In the Year of Her Lord 1486, a book was published in St Albans. It was called, with incredible simplicity, ‘The Book of St Albans’ and was credited to Dame Juliana Berners. It was aimed squarely at the huntin’ an’ shootin’ and fishin’ types, probably because the Sun readers of the day hadn’t learned that they couldn’t read yet.

‘The Book of St Albans’ is memorable today for one reason; within its pages Dame Juliana more or less invented the concept of collective nouns – words for a group of things. As nobody had brought these words together before the good Dame she was free to do as she liked. And, apparently, she liked very much, which is why we now have a bellowing of Bullfinches, a plump of Moorhens and a murder of Crows.

But these were laid down over six centuries ago. Dame Juliana tried her best to move with the times, I’m sure, but there’s a limit to how far you can predict the future. Most things that we take for granted today would baffle her. Most of them baffle me to be honest.

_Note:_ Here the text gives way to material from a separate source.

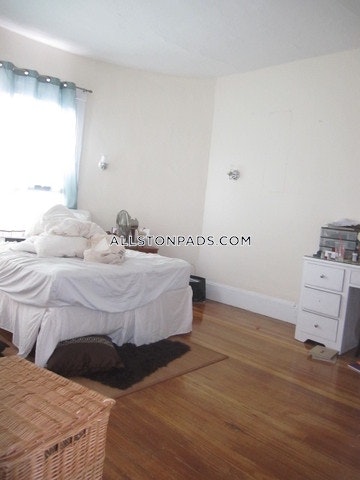 4 bed, 2 bath apartment for rent at 235.5 Harvard Ave Unit 5, Allston — photo 26 of 52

With that in mind, let’s have a go at updating the list. Let’s create some new collective nouns, starting with a couple for my golfing buddies:

·         A Jed of Woods;

·         A ningboard of Irons;

·         An i-Sore of Gadgets;

·         A midden of D*n Br*wn Books;

·         An assimilation of Post Offices;

·         A deluge of British Summers;

·         A catatonia of TOWIE and Big Brother ‘stars’;

·         A serpent of Politicians;

·         A slumber  of Lords;

·         A redundancy of Big-Budget Movie Remakes;

·         A meringue of Big Fat Gypsy Weddings;

·         An irrelevance of Tweets;

·         A Cousteau of Chelsea forwards;

·         A remainder of Books by Shaun Finnie.